§ **Problem**
When copying the records below, keep every word as it is and drop the images.

§ **Data to use**

· · ·

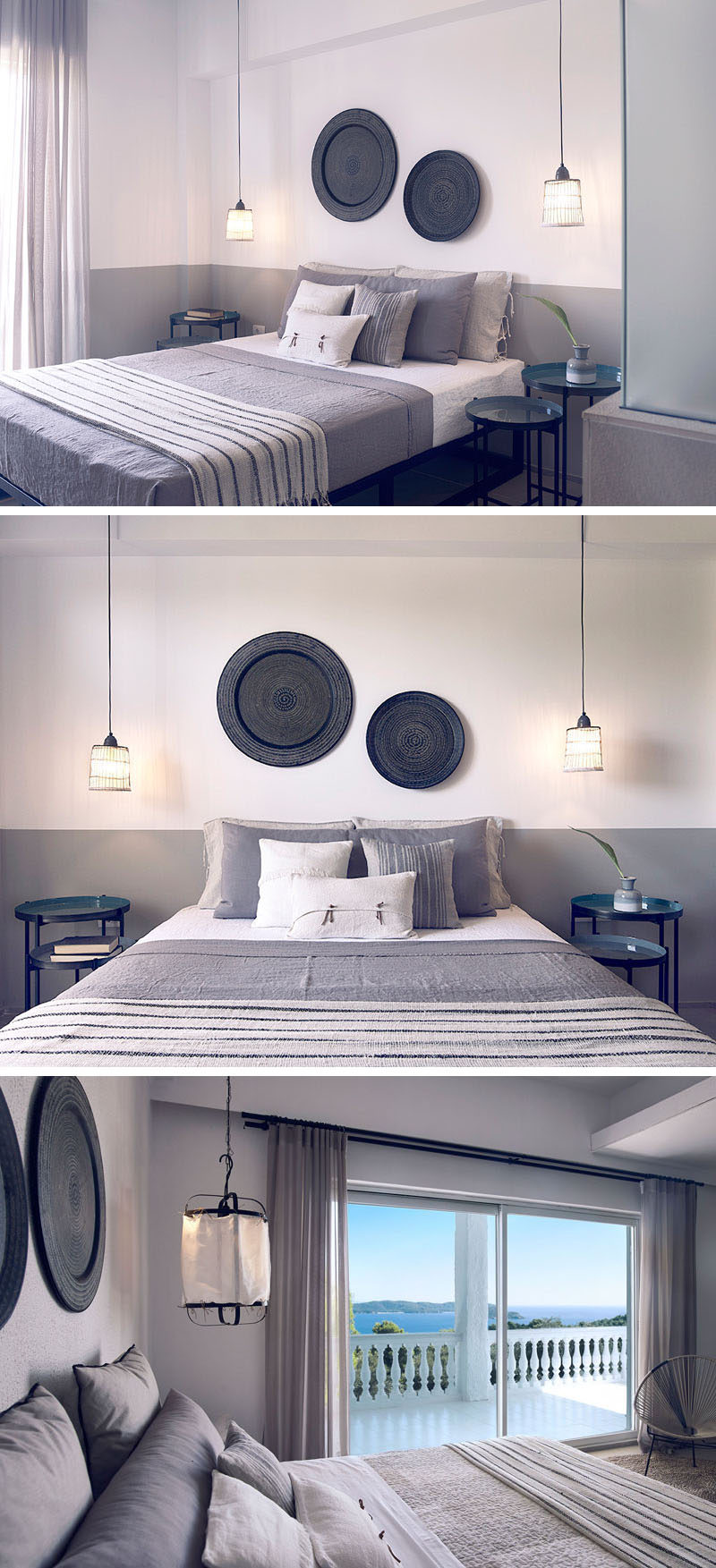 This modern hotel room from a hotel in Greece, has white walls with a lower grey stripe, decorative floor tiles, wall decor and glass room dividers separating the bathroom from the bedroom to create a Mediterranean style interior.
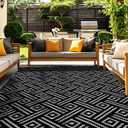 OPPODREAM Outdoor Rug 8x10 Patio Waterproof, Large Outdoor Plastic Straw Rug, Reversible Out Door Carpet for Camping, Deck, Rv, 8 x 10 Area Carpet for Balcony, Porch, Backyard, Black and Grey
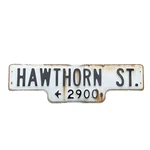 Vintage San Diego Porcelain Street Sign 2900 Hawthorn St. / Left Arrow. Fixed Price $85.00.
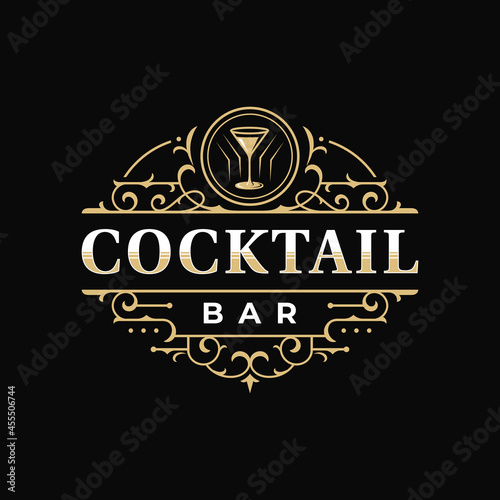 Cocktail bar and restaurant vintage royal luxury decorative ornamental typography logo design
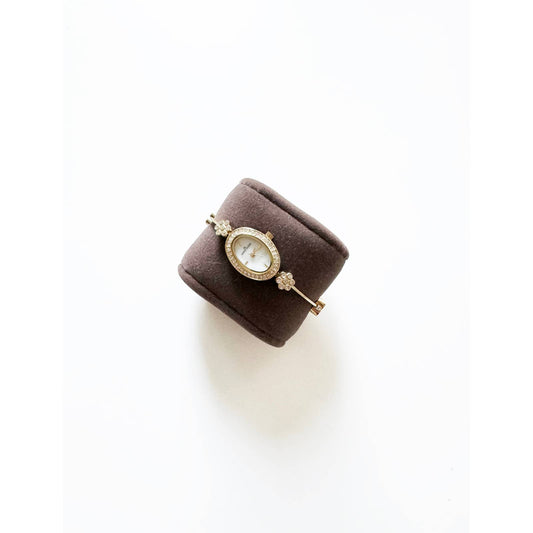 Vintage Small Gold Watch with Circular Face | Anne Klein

· · ·

§ **Response for this exercise**
 This modern hotel room from a hotel in Greece, has white walls with a lower grey stripe, decorative floor tiles, wall decor and glass room dividers separating the bathroom from the bedroom to create a Mediterranean style interior.
 OPPODREAM Outdoor Rug 8x10 Patio Waterproof, Large Outdoor Plastic Straw Rug, Reversible Out Door Carpet for Camping, Deck, Rv, 8 x 10 Area Carpet for Balcony, Porch, Backyard, Black and Grey
 Vintage San Diego Porcelain Street Sign 2900 Hawthorn St. / Left Arrow. Fixed Price $85.00.
 Cocktail bar and restaurant vintage royal luxury decorative ornamental typography logo design
 Vintage Small Gold Watch with Circular Face | Anne Klein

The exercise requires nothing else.